Norfolk County Council Possibly the starting point, in the case of Norfolk County Council, is its constitution, a rather grand description of the rules by which it is required as a matter of law to operate. The constitution does refer to "participation" by local residents, but only to the extent of asking questions at meetings of the Cabinet and certain other committees. Clearly, it is the Cabinet that is all-important in every sense of the term so let us concentrate on Cabinet public question time. Now, that which follows will probably sound tedious but it is necessary for me to explain what the rules say.


At present, the constitution limits questions to two substantive ones, or one substantive one and a supplementary. Notice has to be given of substantive questions, and provided that notice is received before the agenda is published, the questions are actually set out on the agenda for all to see. The questioner is then permitted to read out his questions at the Cabinet meeting, and the Chairman or one of the Cabinet members reads out replies. If the questioner is absent, the constitution requires that the answers to his questions are still read out, and written answers must also be sent to him. The questions and answers are then both minuted and included in the Cabinet reports to the meeting of the full Council. There is an overall time limit of fifteen minutes allowed for public questions.

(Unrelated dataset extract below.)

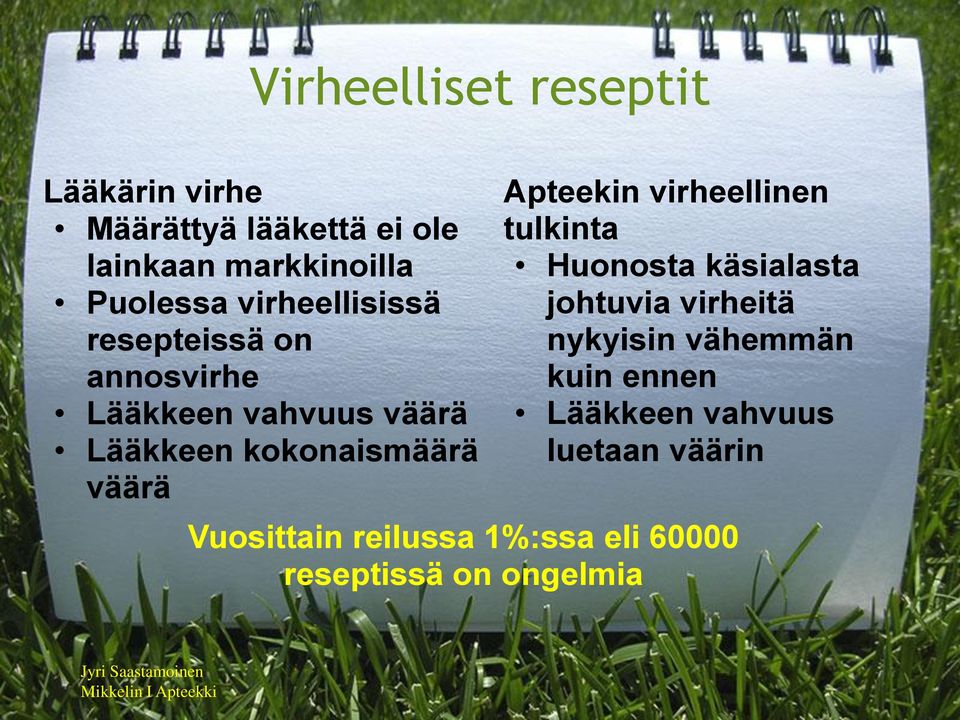 Apteekin virheellinen tulkinta Huonosta käsialasta johtuvia virheitä nykyisin vähemmän kuin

Now frequently, the answers – which are obviously prepared by officers – are evasive and unhelpful and the constitution does not allow any debate on them. However, it is the publicity that the current procedure allows residents to achieve, in respect of issues that concern them, that is the predominant factor. In this way, such issues inevitably come to the attention of the many members of the Council who do not bother to attend Cabinet meetings, but who might nevertheless still feel a degree of sympathy. The media also has advance notice of the issues, and is more likely to report on them. In fact, over the past twelve months or so, Cabinet public question time at Norfolk County Council has become a very entertaining and lively affair, frequently to the embarrassment of the Cabinet. It has even resulted in complaints against at least two Cabinet members who have been disinclined to play the game.


That, dear readers, is all about to change. The Cabinet has grown tired of all of this.  A working group has concluded that Cabinet public question time "could become very hard to manage". It takes up "a considerable amount of time" and "the process should be streamlined". Possibly there should be a "maximum number of questions" as well as an overall time limit. This is what is now likely to be put before the full Council shortly for approval.


In future, no questions will appear on Cabinet agendas. Subject to the existing notice requirements being met, written answers to substantive questions will be handed out at the start of Cabinet meetings. A questioner will only be allowed to read out the one supplementary that he is permitted when he has chosen to give notice of only one substantive question. The answer to the supplementary will be read out, but no questions and answers will be minuted, or included in the Cabinet reports to the full Council.


There will therefore be many questions and answers that will never come to the attention of the majority of Council members, let alone the media. In other words, Cabinet public question time will be emasculated, just to spare the Cabinet its present discomfort. So much for "participation in local government".


Why cannot Norfolk County Council, in the interests of democracy, transparency and accountability, introduce a new and separate forum at which residents can, without unreasonable time constraints, raise with the Cabinet on notice issues of general concern with the guarantee of debate on those issues with Cabinet members? This surely would come closer to the concept of public participation.